Nel XVII secolo prende piede la rappresentazione dell’artista nel suo ambiente di lavoro, nel momento della creazione artistica, una moda sostenuta dallo stesso collezionismo a partire dalla metà del XVI secolo, anche se l’artista resta in bilico tra intellettuale, ausiliare del potere, cortigiano, attore, buffone. È questo il tema affrontato nella sezione Trasfigurazioni dell'artista dove, accanto al tema del ritratto intimo e colloquiale si fa strada il modello dell’intellettuale gentiluomo, del pictor doctus. Qui incontriamo il disegno con cui un giovane Lorenzo Bernini si ritrae per la prima volta, Erodiade di Simon Vouet, alcune incisioni di Rembrandt, il Ritratto di Juan de Cordoba di Diego Velázquez dai Musei Capitolini e Artemisia Gentileschi da Palazzo Barberini


Nel gran teatro del mondo, indaga invece come alla fine del Seicento recitare col proprio volto fosse diventata una questione legata non solo al teatro ma anche agli artisti. Nella società delle maschere delle corti di allora i volti diventavano maschere, e teatro e vita l’uno lo specchio dell’altra. In questa parte del percorso sono esposte l’Allegoria delle tre Arti (Pittura, Musica, Poesia) ovvero Le tre sorelle di Sirani o l’Autoritratto in veste di guerriero di Salvator Rosa.
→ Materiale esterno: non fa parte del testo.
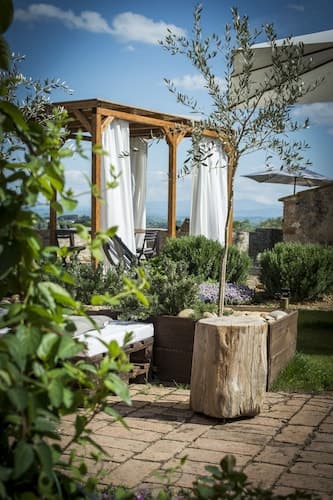 PALAZZO DEL PAPA COUNTRY SUITES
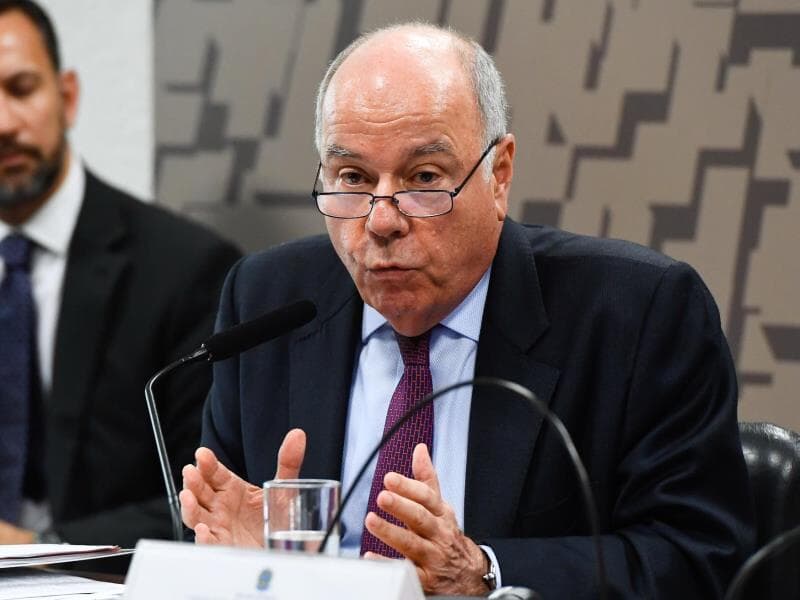 Em pronunciamento, à mesa, ministro de Estado das Relações Exteriores, Mauro Vieira. - Roque de Sá/Agência Senado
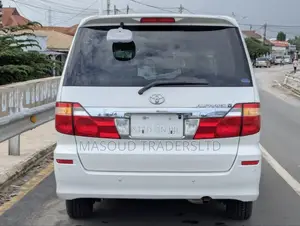 Toyota Alphard 2.4 Petrol AWD 2003 White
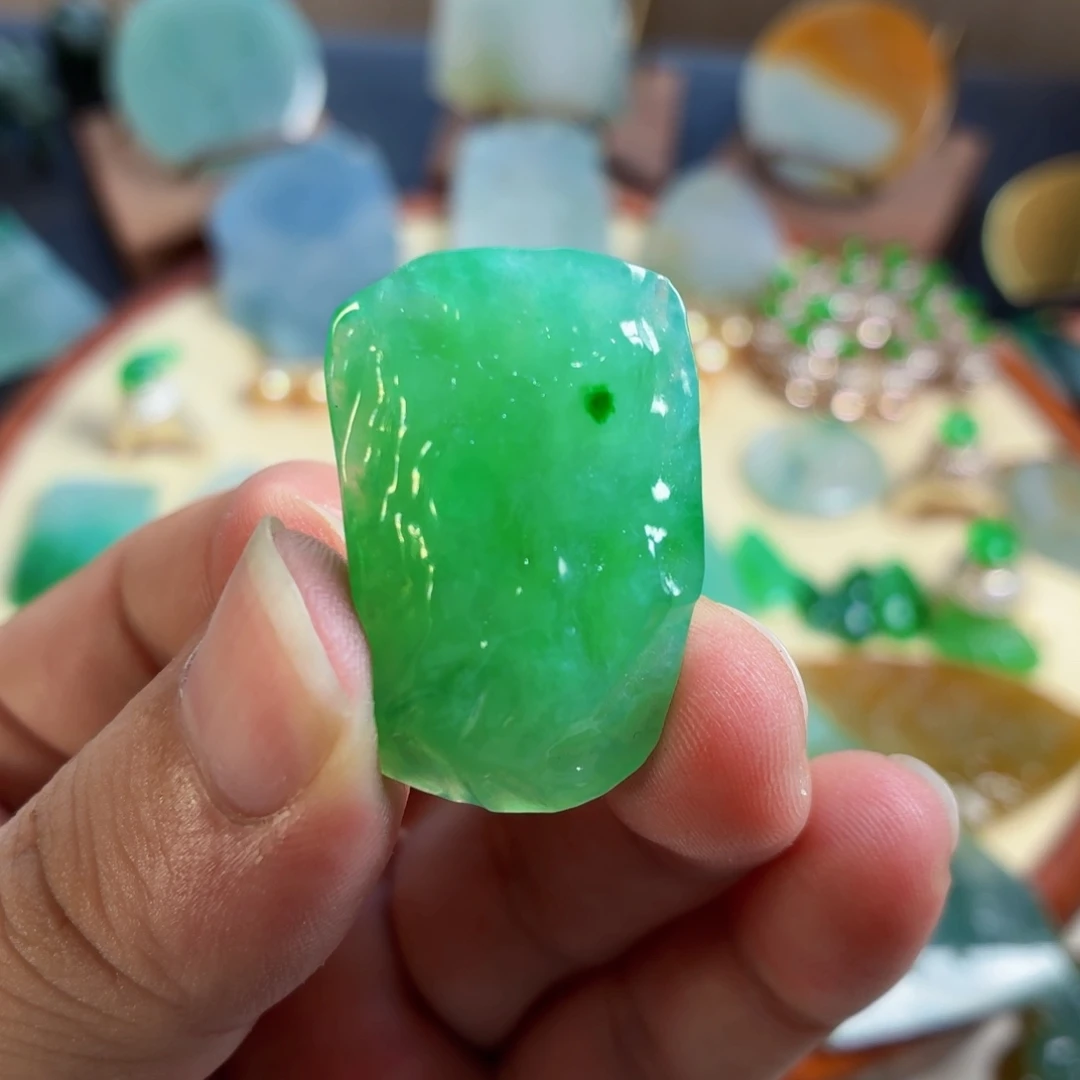 定制翡翠未镶嵌翡翠首饰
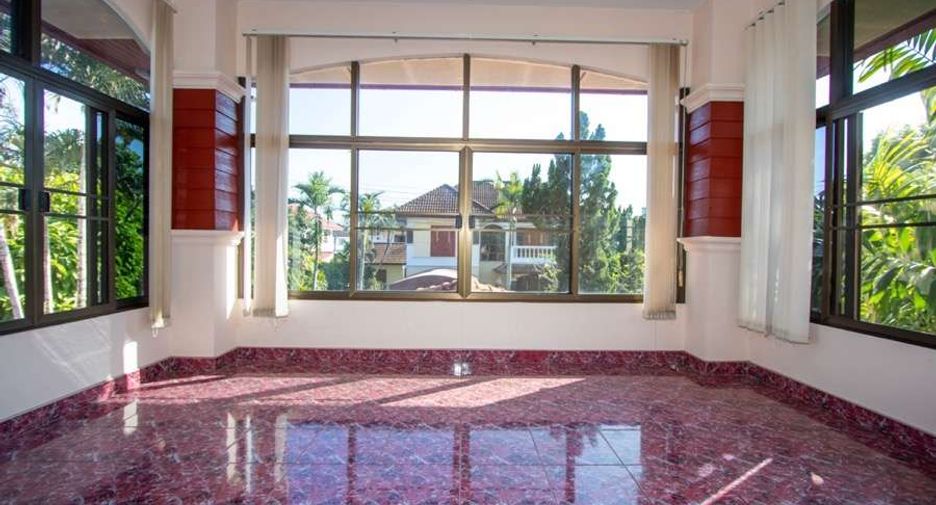 For rent 4 bedrooms house in San Sai, Chiang Mai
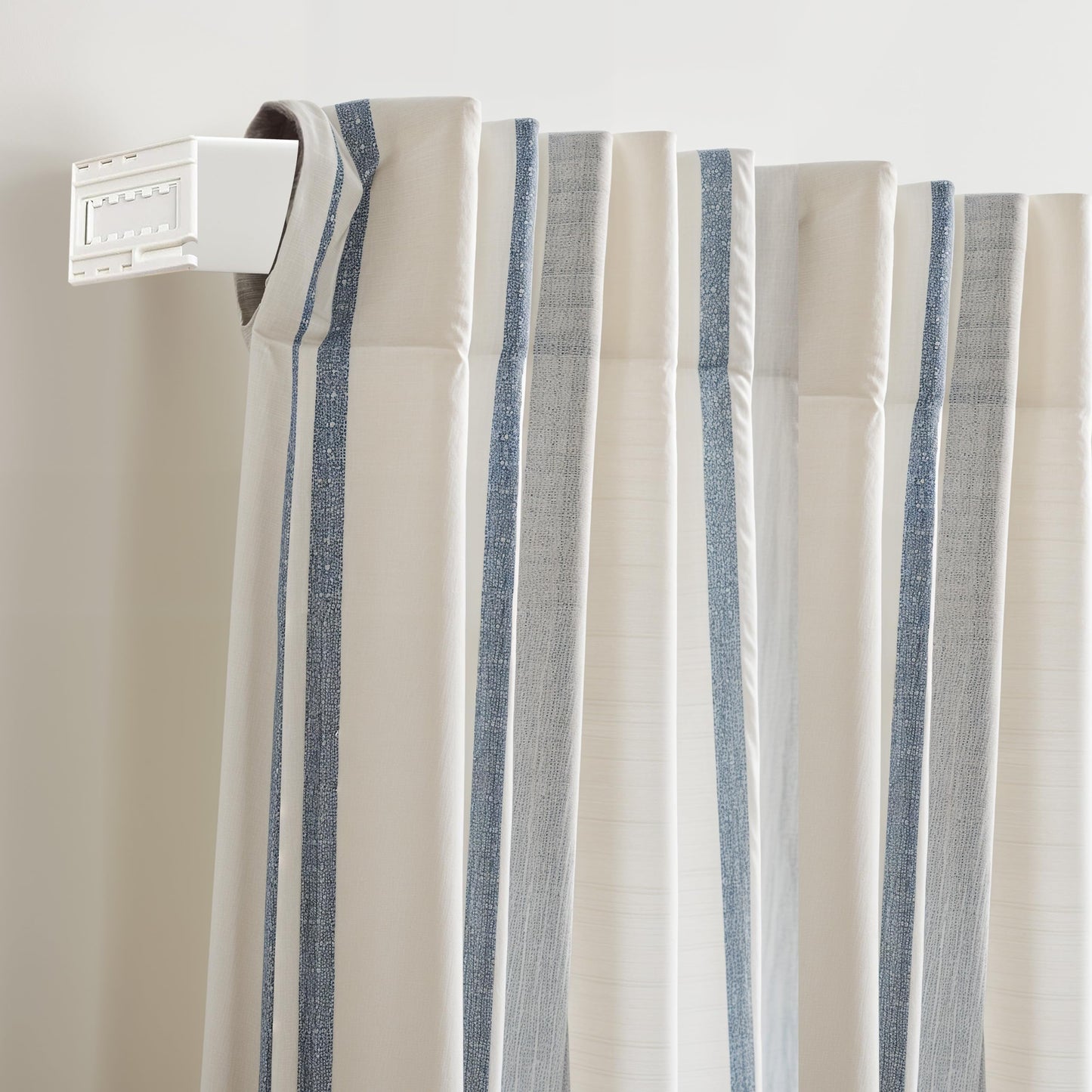 Amazing Drapery Hardware 2.5 Inch Wide Pocket Curtain Rod with Adjustable Clearance Brackets - 1 Pack, 48-86 Inches, Includes Rod, Brackets, and Installation Hardware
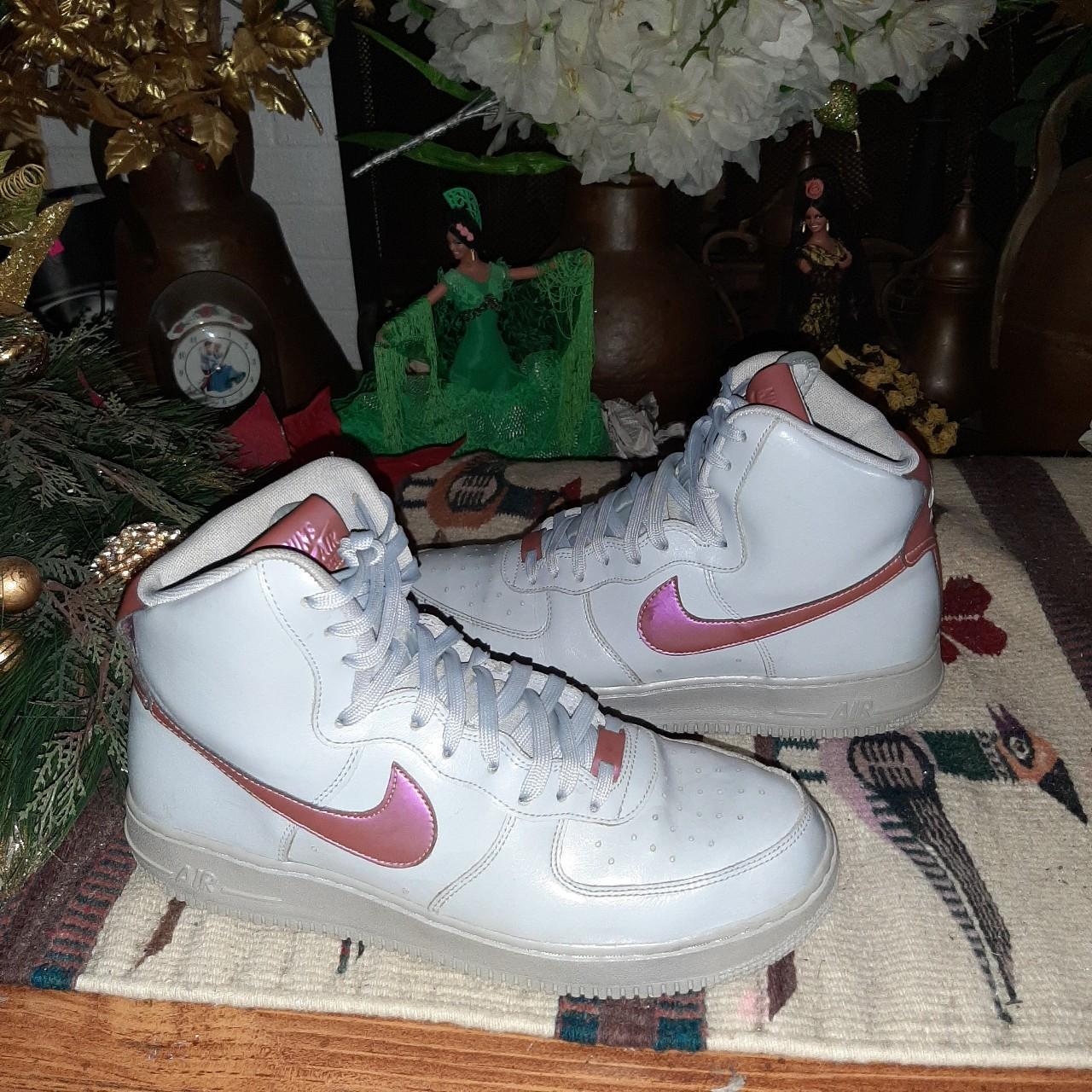 item listed by sneakerloverss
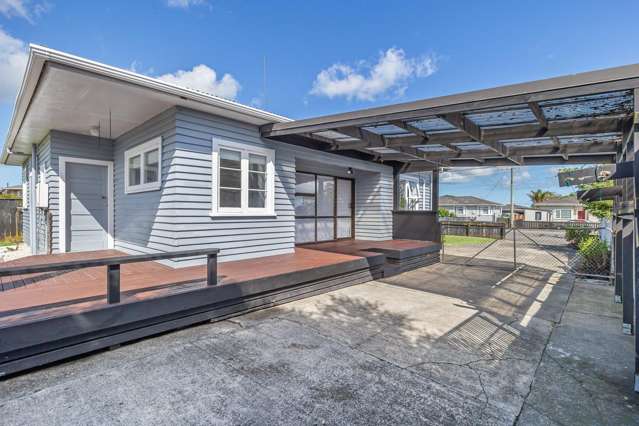 A smart buy on Parker Avenue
Gli artisti del XVIII secolo sono i protagonisti della sezione L’autoritratto indeciso. Tra il bello ideale e il sentimento del sublime, che racconta di un crocevia di diverse linee di sviluppo del pensiero, tra idealità e storia, ragione e sentimento, tra la ricerca del bello ideale e l’irrompere del sublime: un contesto in cui l’artista è andato alla ricerca di una forma perfetta, per poi scoprire al proprio fianco l’irrompere della realtà della storia e il sentimento della natura. Nel suo autoritratto, proveniente dagli Uffizi, Anne Seymour Damer appone orgogliosamente la sua firma in caratteri greci, per affermare una cultura normalmente preclusa all’universo femminile e dichiararsi erede dei grandi scultori antichi.